INPUT FOR THIS TASK =>
_ _ _ _ _ _ _
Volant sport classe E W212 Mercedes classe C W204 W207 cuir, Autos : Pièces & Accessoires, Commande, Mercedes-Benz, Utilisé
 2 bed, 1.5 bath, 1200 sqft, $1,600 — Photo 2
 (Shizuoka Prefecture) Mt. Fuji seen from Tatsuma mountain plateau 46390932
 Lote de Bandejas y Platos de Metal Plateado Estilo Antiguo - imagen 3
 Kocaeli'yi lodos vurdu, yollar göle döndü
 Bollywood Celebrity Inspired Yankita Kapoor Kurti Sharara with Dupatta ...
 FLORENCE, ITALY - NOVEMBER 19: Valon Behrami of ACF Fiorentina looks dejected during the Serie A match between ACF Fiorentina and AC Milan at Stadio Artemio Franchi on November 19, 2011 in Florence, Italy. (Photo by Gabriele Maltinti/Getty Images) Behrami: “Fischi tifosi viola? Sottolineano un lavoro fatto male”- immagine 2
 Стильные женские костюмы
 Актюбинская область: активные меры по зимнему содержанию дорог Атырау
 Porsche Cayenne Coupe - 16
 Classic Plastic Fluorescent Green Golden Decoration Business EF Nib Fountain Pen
_ _ _ _ _ _ _
EXERCISE DESCRIPTION =>
A word-for-word copy of all the entries above is required.

SOLVED PROBLEM =>
Volant sport classe E W212 Mercedes classe C W204 W207 cuir, Autos : Pièces & Accessoires, Commande, Mercedes-Benz, Utilisé
 2 bed, 1.5 bath, 1200 sqft, $1,600 — Photo 2
 (Shizuoka Prefecture) Mt. Fuji seen from Tatsuma mountain plateau 46390932
 Lote de Bandejas y Platos de Metal Plateado Estilo Antiguo - imagen 3
 Kocaeli'yi lodos vurdu, yollar göle döndü
 Bollywood Celebrity Inspired Yankita Kapoor Kurti Sharara with Dupatta ...
 FLORENCE, ITALY - NOVEMBER 19: Valon Behrami of ACF Fiorentina looks dejected during the Serie A match between ACF Fiorentina and AC Milan at Stadio Artemio Franchi on November 19, 2011 in Florence, Italy. (Photo by Gabriele Maltinti/Getty Images) Behrami: “Fischi tifosi viola? Sottolineano un lavoro fatto male”- immagine 2
 Стильные женские костюмы
 Актюбинская область: активные меры по зимнему содержанию дорог Атырау
 Porsche Cayenne Coupe - 16
 Classic Plastic Fluorescent Green Golden Decoration Business EF Nib Fountain Pen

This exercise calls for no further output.